Doch den Jungen beschlichen schon bald Zweifel. Ihm wurde klar, dass er nicht Soldat werden wollte. Fast zwei Jahre plagte er sich mit seinen Bedenken, konnte sich aber niemandem anvertrauen. Nicht einmal den Eltern. Erst als er 14 war, offenbarte er sich. Es dauerte weitere anderthalb Jahre, bis man seine Entscheidung akzeptierte. Fast wöchentlich musste er sich vor linientreuen Lehrern, Offizieren und Stasi-Leuten rechtfertigen. „Ich kenne Typen wie dich“, sagte einer. „Die landen über kurz oder lang alle in unseren Gefängnissen.“ „Was hast du uns nur angetan!“, haderte der Vater. „Sie schnüffeln schon in unserem Freundeskreis herum, wollen wissen, was ich falsch gemacht hab'.“ Der Sohn musste nicht fragen, wen der Vater meinte, wenn er „sie schnüffeln“ sagte. Die Stasi, wer sonst?

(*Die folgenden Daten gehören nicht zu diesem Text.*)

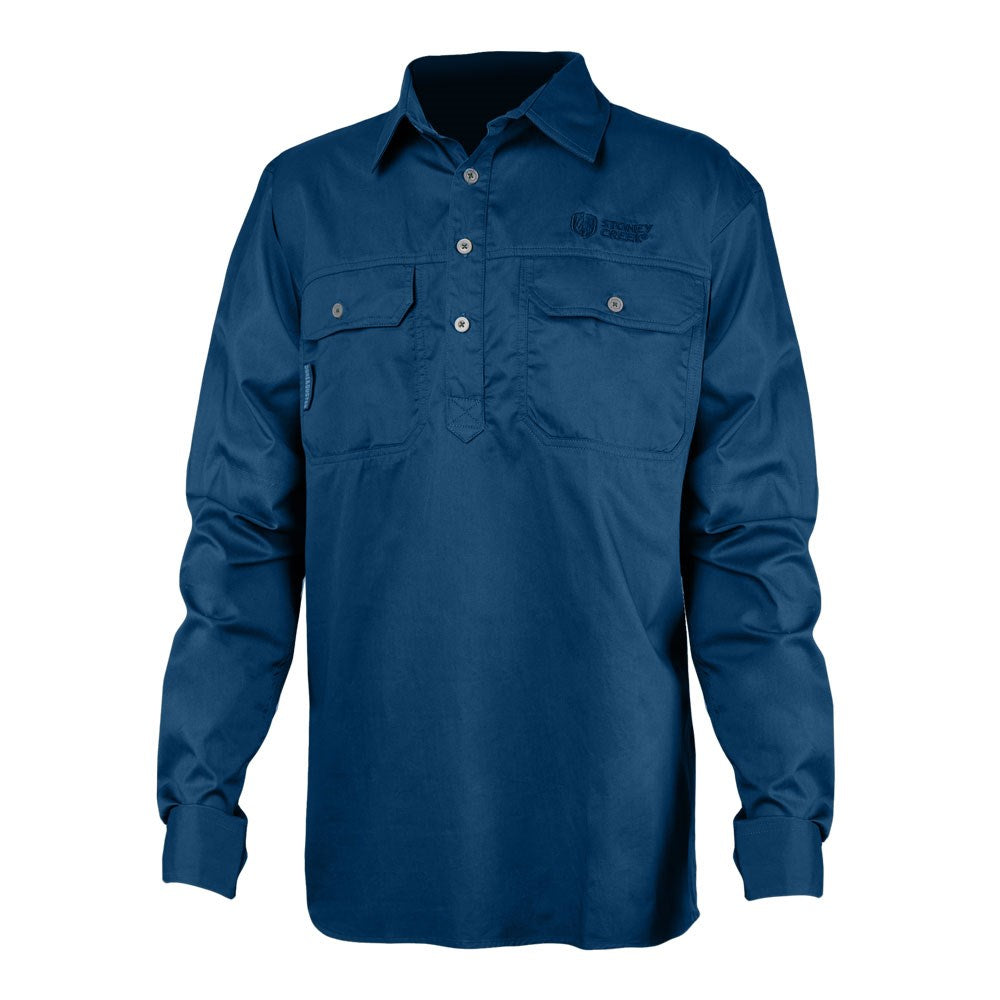 Men's Done and Dusted Shirt - Blue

All das liegt 30 Jahre und mehr zurück. Aber wenn Kowalczuk erzählt, wie man versucht hat, ihn zu brechen, wühlt ihn das immer noch auf. "Ich habe vier Kinder", sagt er, „der Zweitälteste ist 14. Wenn ich mir überlege, was man in dem Alter mit mir gemacht hat, dann wird mir heute schlechter als damals.“ Er habe in jener Zeit viel über das System gelernt, das so verächtlich mit Menschen umging. Damals wuchs in ihm „die Wut auf diese alten Säcke, die da oben an der Macht sind und ihre Bürger einsperren hinter Mauern und Stacheldraht“.

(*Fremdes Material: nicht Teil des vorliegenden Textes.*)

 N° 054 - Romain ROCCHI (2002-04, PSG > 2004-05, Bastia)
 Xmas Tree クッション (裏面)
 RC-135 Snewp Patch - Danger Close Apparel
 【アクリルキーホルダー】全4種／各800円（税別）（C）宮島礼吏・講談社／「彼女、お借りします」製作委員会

Diese Wut und der Versuch, sie produktiv zu verarbeiten, haben Kowalczuks Lebens- und Berufsweg nach dem Ende des real existierenden Sozialismus geprägt. Er stellte sich in den Dienst der Aufarbeitung der DDR-Geschichte - als Student, als sachverständiges Mitglied der Bundestags-Enquête-Kommission „Überwindung der Folgen der SED-Diktatur“, als Wissenschaftler, Buchautor und seit 2001 als Mitarbeiter der Stasi-Unterlagen-Behörde.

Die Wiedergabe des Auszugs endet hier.